WORK TASK: Restate the following data in its entirety, word for word and without images.

*** EXERCISE DATA ***

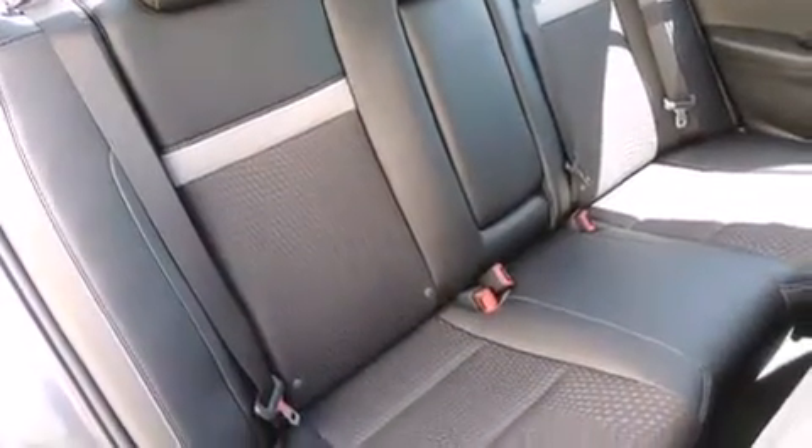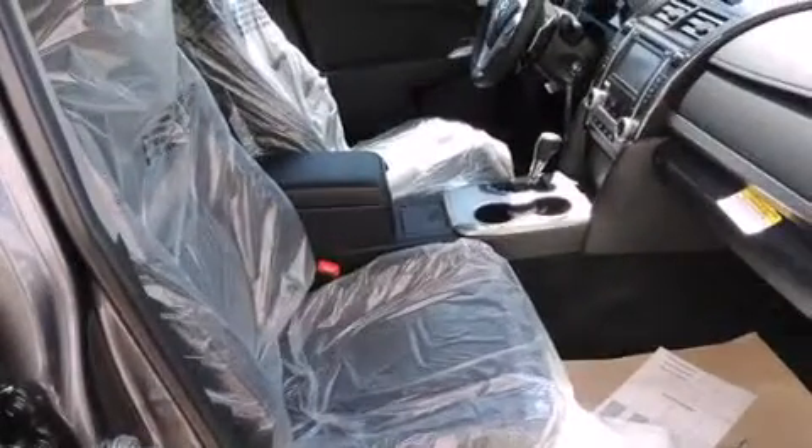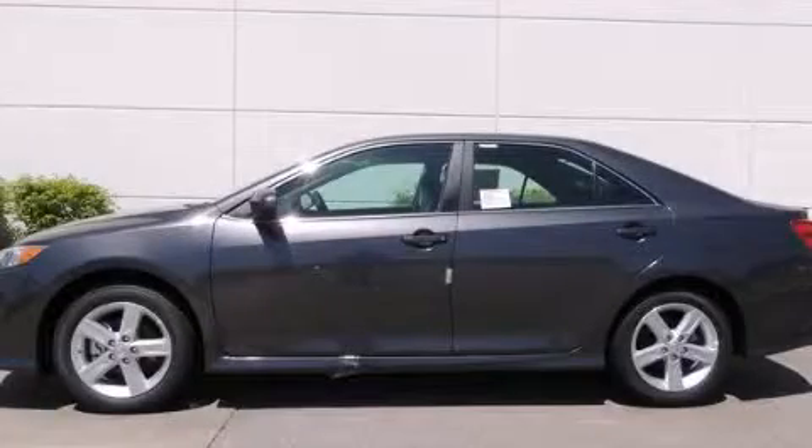With an EPA estimated rating of 35 miles per gallon on the highway, this vehicle pays off in the long run. This vehicle is sure to sell fast. Call and arrange your test drive today.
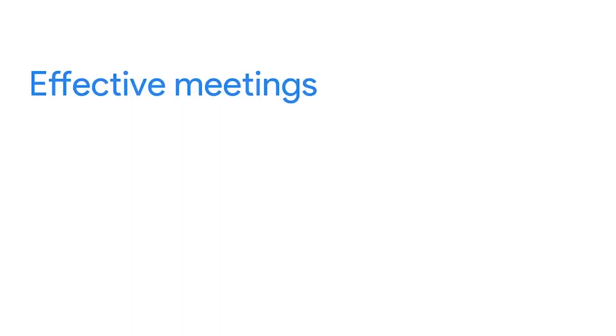While the size, purpose, and format of meetings may differ, effective meetings always have the following elements in common. They are structured, intentional, collaborative, and inclusive. Let's study these elements in more detail.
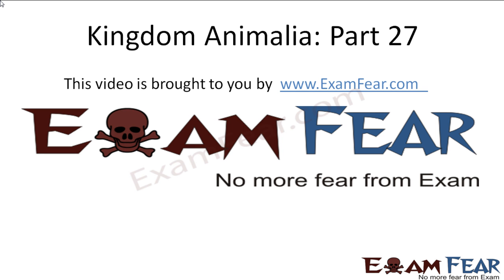Hello friends, this video on Kingdom Animalia part 27 is brought to you by examfear.com. With this we end our discussion on Pisces.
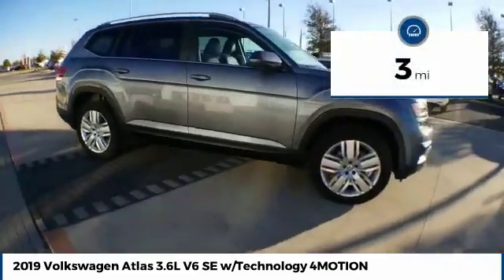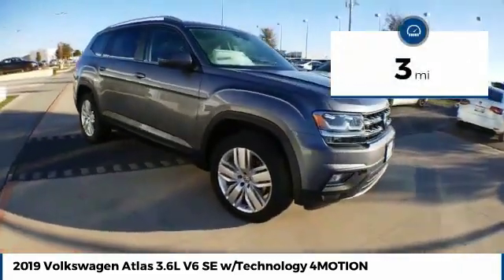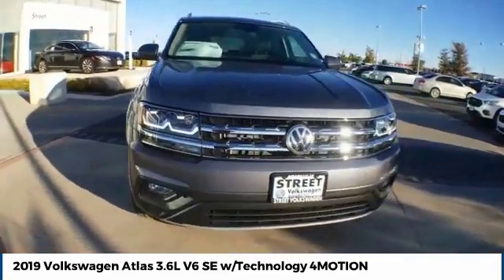This vehicle has less than 100 miles. If you like it online, you'll love it in your driveway. Take it for a spin today.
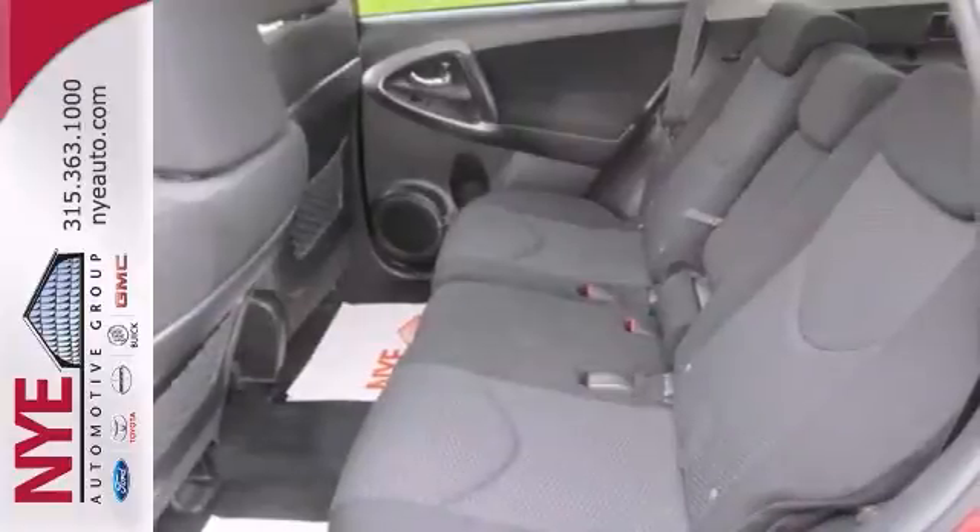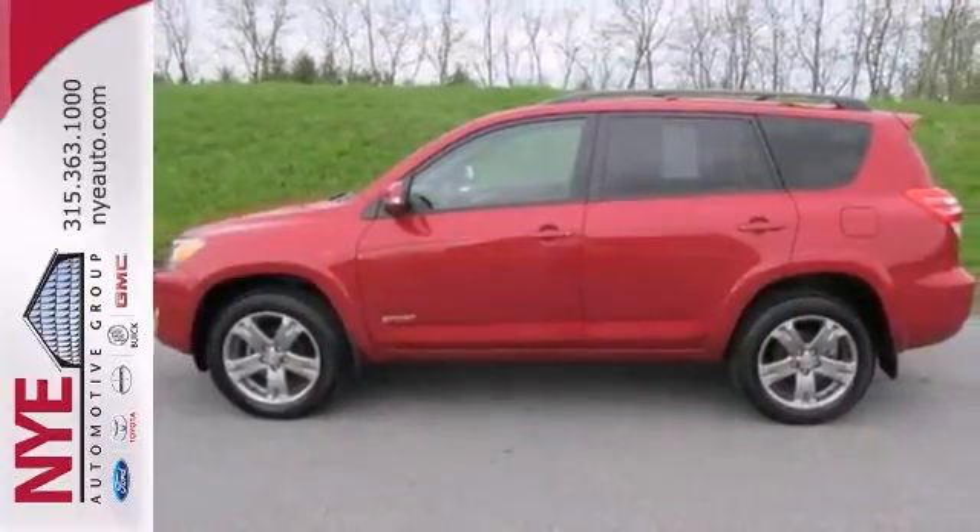Check out this red RAV4. Better yet, come in for a test drive and let's make a great deal today.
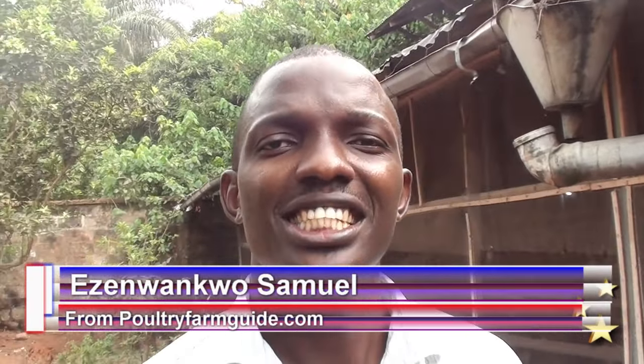My name is Ezra Ankur Samuel for poultryfarmguide.com. On this channel, I share tips and guides to help you set up your poultry farm business and scale it up.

*** End of EXERCISE DATA ***

RESULT:
With an EPA estimated rating of 35 miles per gallon on the highway, this vehicle pays off in the long run. This vehicle is sure to sell fast. Call and arrange your test drive today.
While the size, purpose, and format of meetings may differ, effective meetings always have the following elements in common. They are structured, intentional, collaborative, and inclusive. Let's study these elements in more detail.
Hello friends, this video on Kingdom Animalia part 27 is brought to you by examfear.com. With this we end our discussion on Pisces.
This vehicle has less than 100 miles. If you like it online, you'll love it in your driveway. Take it for a spin today.
Check out this red RAV4. Better yet, come in for a test drive and let's make a great deal today.
My name is Ezra Ankur Samuel for poultryfarmguide.com. On this channel, I share tips and guides to help you set up your poultry farm business and scale it up.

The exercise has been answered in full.